This article provides an overview of work completed at Tsinghua University Library in which a metadata framework was developed to aid in the preservation of digital resources. The metadata framework is used for the creation of metadata to describe resources, and includes an encoding standard used to store metadata and resource structures in information systems. The author points out that the Tsinghua University Library metadata framework provides a successful digital preservation solution that may be an appropriate solution for other organizations as well.
Digital preservation is an urgent problem for which solutions must soon be found. As a result, the focus of metadata research is increasingly moving from research on descriptive metadata to research on preservation metadata.

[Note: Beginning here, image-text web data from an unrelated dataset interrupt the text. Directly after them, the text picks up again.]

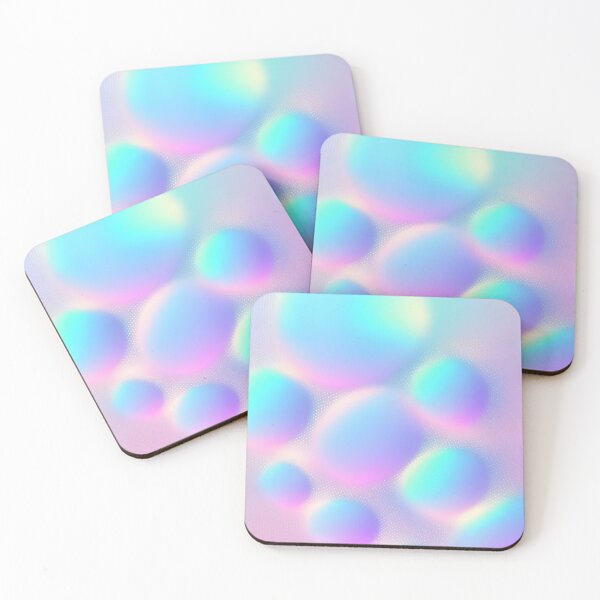 Item preview, Holographic wallpaper background. Hologram texture designed and sold by anytka.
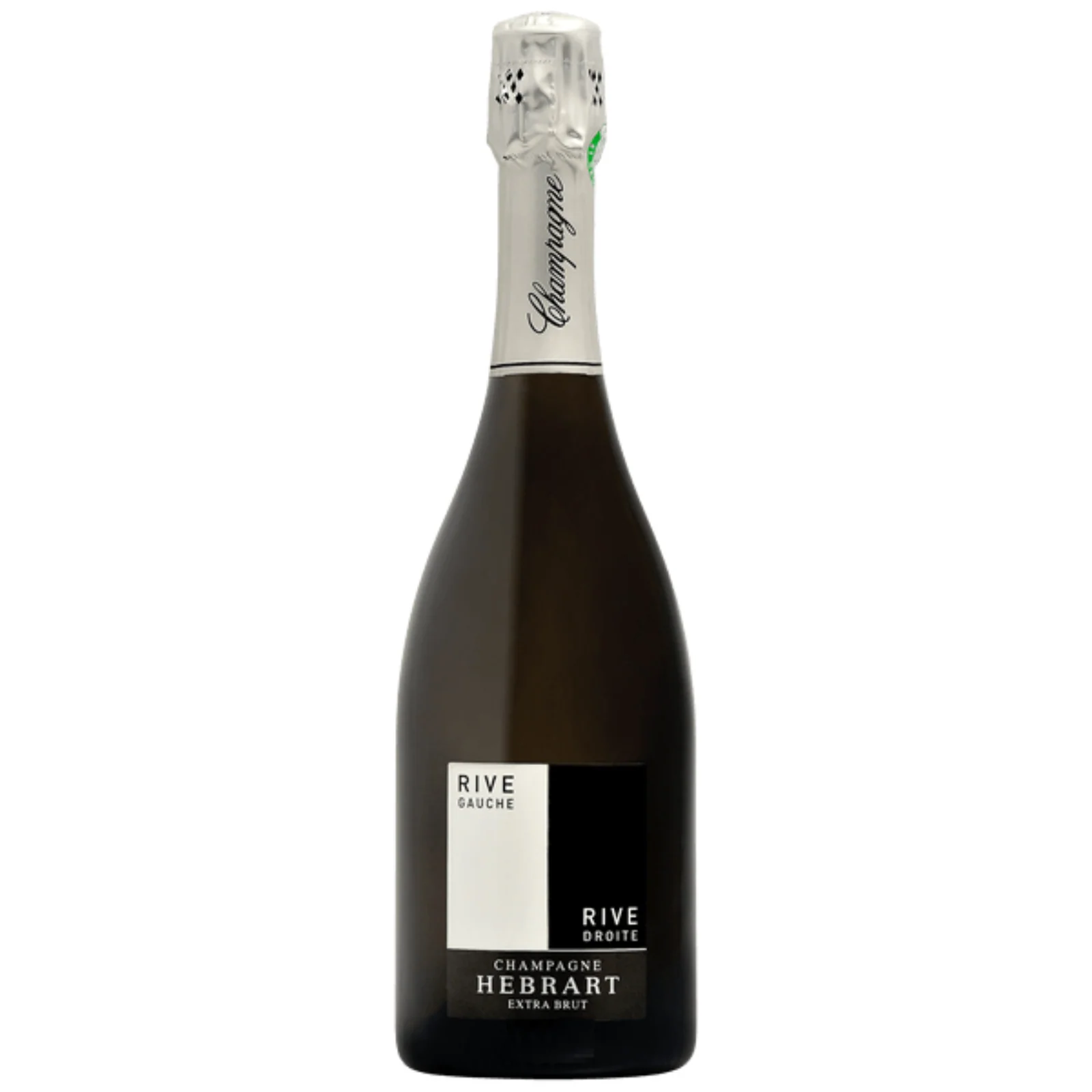 Hebrart 'Rive Gauche Rive Droite' Grand Cru Extra Brut, Champagne, France 2013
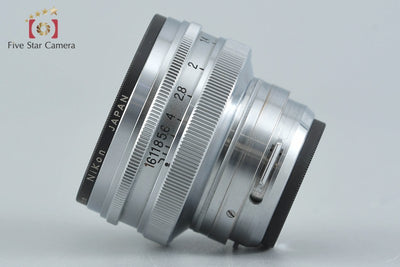 【中古】Nikon ニコン NIKKOR-S.C 50mm f/1.4 ニコンSマウント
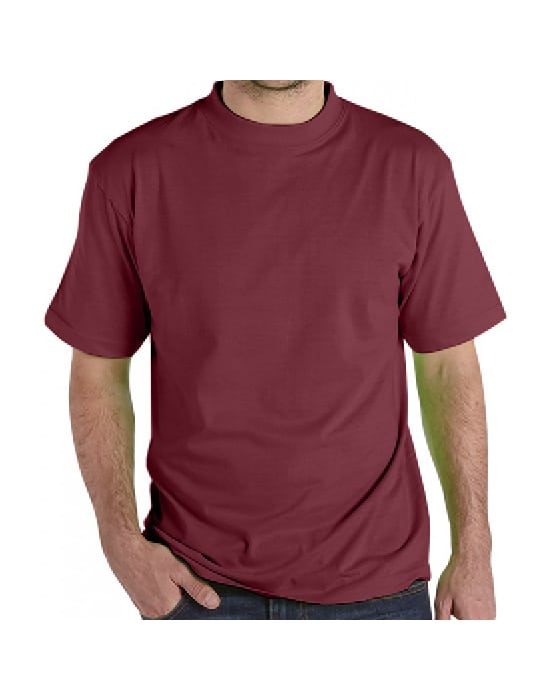 Classic Cotton T-Shirt workwear classic cotton t shirt maroon cx ts002 mn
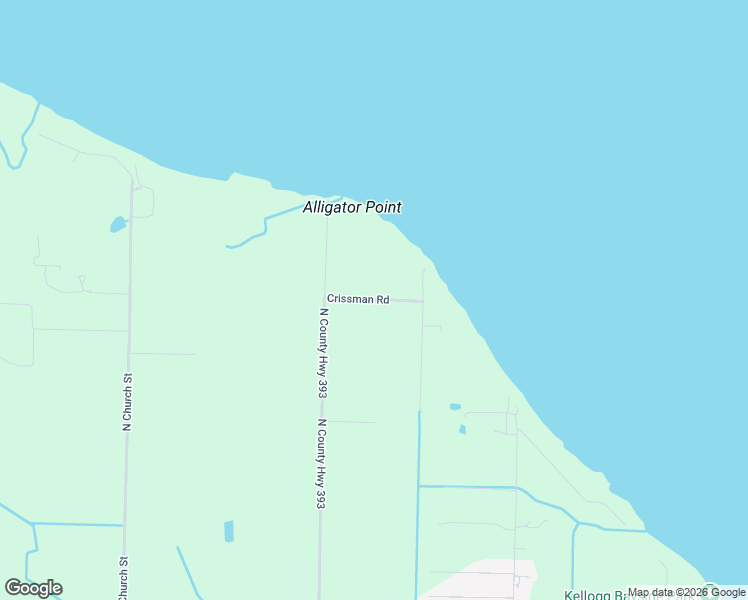 map of restaurants, bars, coffee shops, grocery stores, and more near 104 Crissman Road in Santa Rosa Beach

In July 2001, the Goettingen State and University Library in Germany, Cornell University Library in the United States, Orsyell Library in France and Tsinghua Library in China agreed to collaborate on a project named EMANI. The EMANI project requires each of the four participants to develop a preservation system that will guarantee the long-term availability of their digital mathematic resources and that will enable the sharing of those resources with each of the other project participants. This article provides a description of system analysis completed at Tsinghua University Library as part of the EMANI project. We developed a metadata framework that can be used to adequately describe resources, as well as an encoding standard that can be used to store metadata and resource structures in information systems. The Tsinghua University Library metadata framework is the core and blueprint on which its preservation system for the Library's mathematics collection for EMANI will be built. One acknowledgement that needs to be made here is that our work at the Tsinghua University Library borrowed much from the Digital Audio-Visual Preservation Prototyping Project at the United States Library of Congress .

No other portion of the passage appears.